Character development and the cultivation of empathy are key components in any strategy to confront cruelty in children.
The topic of bullying has been in the headlines on and off for many years. A fine book by Emily Bazelon, “Sticks and Stones: Defeating the Culture of Bullying and Rediscovering the Power of Character and Empathy,” caught the attention of prominent reviewers and provides a balanced picture for the consideration of parents and educators who are understandably concerned.
Social media has made this issue a larger one in recent years. Elders who are inept on the Internet and unaware of what the young are up to out there in cyberspace are at a loss in the presence of the bullying problem. They see it in relatively rare (and often misinterpreted) instances of suicide associated with bullying.
But as Bazelon makes clear, if it is not persistent — repeated incidents over time — and malicious, it is not really bullying.
What is bullying? It is verbal or physical aggression, repeated over time that involves a power differential. The repetition and power imbalance are key elements. Meanness and malicious intent figure into the equation leading puzzled observers to ask: How do presumably nice children get that way?
This opens the door to an examination of parental neglect, value-free education, celebration of exploitation and violence in the entertainment media, and whatever it is that contributes to a healthy sense of self in a developing child.
Bazelon, who is a journalist and a lawyer, interviewed for this book many young people, who are part of the problem, and both parents and educators who are trying to confront it. By their own admission, some of the young are “Facebook thugs,” who say things online that they would never utter in ordinary interaction with others.
Why do they do this? They are usually girls — shy and meek in person, but harsh and threatening online. They are surely insecure. They affirm themselves by belittling others. The challenge, of course, is to gently guide them to the path of legitimate achievement — academic, artistic, athletic — as a way of developing positive self-esteem as well as stronger character.
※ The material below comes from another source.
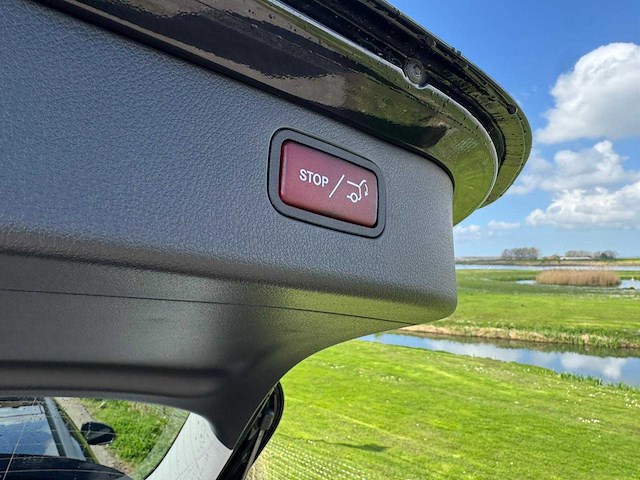 2023 mercedes-benz c-klasse estate 300 e lux. sport pano line jzd-99-s - afbeelding 9 van  16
The practice of empathy can help this development. Creative ways of engaging the young include responsibility for elder care, animal care, child care, cultivation of gardens, preservation of the natural environment, encouragement of good sportsmanship. None of this just happens. It has to be guided at home and in school; it has to be fostered by after-school and vacation-time activity.
Those who pick up Bazelon’s book will need a generous supply of staying power to make it through all of the first three parts into “Part IV: What’s Next?” And they will be rewarded at the end by a splendid list of “Resources for Readers” who want to become better informed and then do something about the problem.